Advertisement

Residents Step Up Protests Against Project at Airport

Share
Times Staff Writer

Homeowners opposing a 37-acre development at the Santa Monica Airport have stepped up their campaign, calling on Los Angeles officials to monitor the project and gathering hundreds of signatures in protest of potential traffic.

Santa Monica and Los Angeles city officials have met to review the $280-million project, and Los Angeles Mayor Tom Bradley has set up a task force to keep tabs on environmental studies.

The project, which Santa Monica awarded to Reliance Development Corp. last November, involves the development of a choice 37.5-acre portion of residual land on the south side of the Santa Monica Airport.

Advertisement

Lease of the land to Reliance will earn Santa Monica an estimated $30 million over the next 10 years, officials say.

The plans, still months away from being presented to the City Council for approval, call for a 1.272-million-square-foot complex, including offices, a movie production studio, shops and a day care center.

Although Santa Monica is responsible for the airport, many of the neighborhoods that could be affected by traffic from the project are in Los Angeles.

As proposed, the plan provides for all access to the project to be from Bundy Drive.

Homeowners contend that the increased amount of traffic will make that one outlet a nightmare of gridlock and congestion, and they are demanding that officials consider alternatives for getting cars in and out of the area.

What started as a small protest by a handful of homeowners canvassing door-to-door three weeks ago now has sprouted into a broader effort.

Four homeowner groups that represent neighborhoods just south and east of the airport joined forces last week to make their position known to officials in Santa Monica and Los Angeles.

Advertisement

The groups--Homeowners Or ganized to Monitor their Environment (HOME), Hilltop Neighbors Assn., Westdale Homeowners Assn. and North Westdale Homeowners Assn.--sent a three-page letter to authorities urging careful consideration of traffic problems and other “serious negative effects” on the neighborhoods, such as air pollution, noise and more sewage.

Two of the groups then gathered about 800 signatures on a petition that called on Los Angeles officials to “take the appropriate measures, through arbitration or litigation, to prevent irreversible damage to our environment,” according to Gregory Thomas, one of the organizers.

Thomas said he glued copies of the petition together end-to-end, forming a 25-foot-long streamer, to dramatize his point and delivered it that way to Santa Monica officials.

Seeking Middle Ground

“We know we can’t stop (the development), but we can try to make it more palatable,” Thomas said. “We want to see what’s the best scenario for it.
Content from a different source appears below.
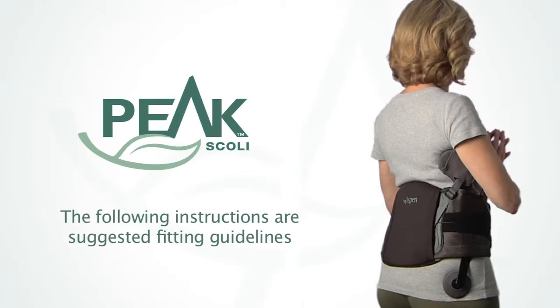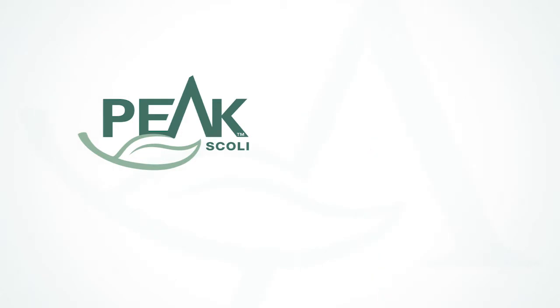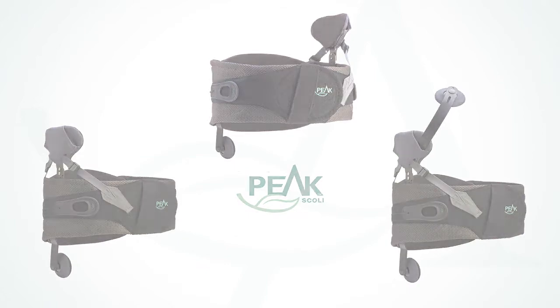The Peak Scoliosis Bracing System is an unloader brace designed to provide pain relief for adult scoliosis patients. The brace is designed to be customized based on each patient's unique conditions and anatomies.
We are just trying to compromise.”

Santa Monica officials say they, too, are eager to look at different ways to deal with traffic.

Legally required environmental studies will examine several alternatives, including an exit where 23rd Street becomes Walgrove Avenue and a routing of traffic to the north side of the airport via a tunnel under the runway or a peripheral road around the eastern end of the runway, according to Christopher Rudd, senior administrative analyst for Santa Monica’s Community and Economic Development Department.

Advertisement

“We are all in agreement that the primary issue is traffic,” Rudd said. “Traffic is the universal theme (that) homeowners, staff, everyone is focusing on.”

Rudd said Santa Monica and Los Angeles officials would try to work out plans for traffic mitigation, most of which would be on the Los Angeles side.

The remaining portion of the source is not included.